Les critiques les plus vives de l’amiral visent la classe politique indienne. Les gouvernements successifs ont investi des dizaines de milliards de dollars à l’étranger — sauvant Dassault du dépôt de bilan avec le Rafale, maintenant Sukhoi grâce aux commandes de Su-30MKI, soutenant l’industrie de défense israélienne avec des contrats de missiles — mais aucun Premier ministre ni ministre de la Défense n’a exploité ce levier pour obtenir un transfert technologique crucial. Aucune clause offset n’a jamais exigé le savoir-faire sur les sections chaudes de moteurs. Aucun accord n’a été conditionné par un développement conjoint des pales de turbine. L’argent est parti, la technologie est restée en Inde.
Le parallèle avec la Chine est particulièrement amer. Dans les années 1950, Pékin était à peu près dans la même situation que New Delhi, dépendante des technologies soviétiques. Après la rupture sino-soviétique et l’arrêt de l’aide en 1960, Mao lança une politique nationale de rétro-ingénierie appelée guochanhua. Les copies étaient sommaires et les accidents fréquents, mais les Chinois persévérèrent, sans passer par la voie des licences. Dans les années 1980, Deng Xiaoping mit personnellement en priorité le développement des turbomachines aéronautiques. Des milliards furent investis dans le programme WS-10, directement dérivé du cœur du CFM56, que la Chine avait légalement licencié pour ses avions civils. Après de nombreux échecs et plus de vingt ans d’efforts, le WS-10 Taihang entra en service en 2009. Aujourd’hui, les versions affinées WS-10C et WS-15 équipent quasiment toute la flotte aérienne de quatrième et cinquième générations de l’Armée de l’air chinoise (PLAAF) et sont supposées motoriser les prototypes des chasseurs furtifs de sixième génération J-36 et J-50.
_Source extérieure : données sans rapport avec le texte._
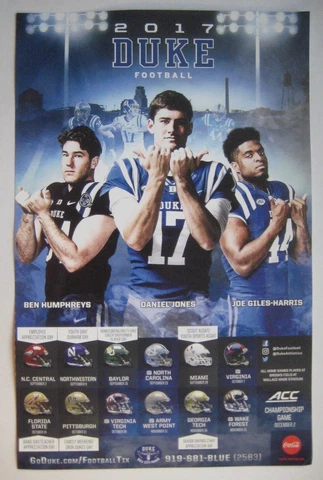 2017 Duke Blue Devils Football Poster Schedule Daniel Jones NY Giants Cover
En comparaison, l’Inde dépend toujours de General Electric pour les moteurs F414, tandis que le Kaveri accumule la poussière dans les bancs d’essais de Bengaluru. L’amiral Prakash conclut sans concession : aucune nation n’est devenue une véritable puissance aérospatiale sans maîtriser à la fois la cellule et le moteur. Les États-Unis, la Russie, le Royaume-Uni, la France, et désormais la Chine ont tous payé ce prix en sang, en argent et en temps. L’Inde souhaite la reconnaissance d’un chasseur de cinquième génération sans accepter la rigueur nécessaire pour créer son moteur.
Jusqu’à ce que New Delhi trouve la volonté politique pour imposer un transfert technologique lors des méga-contrats, finance le GTRE avec la même détermination que celle démontrée par Pékin pour le programme WS-10, et accepte que les échecs soient une étape essentielle vers la maîtrise ultérieure, les projets AMCA et TEDBF resteront de simples ambitions sur papier.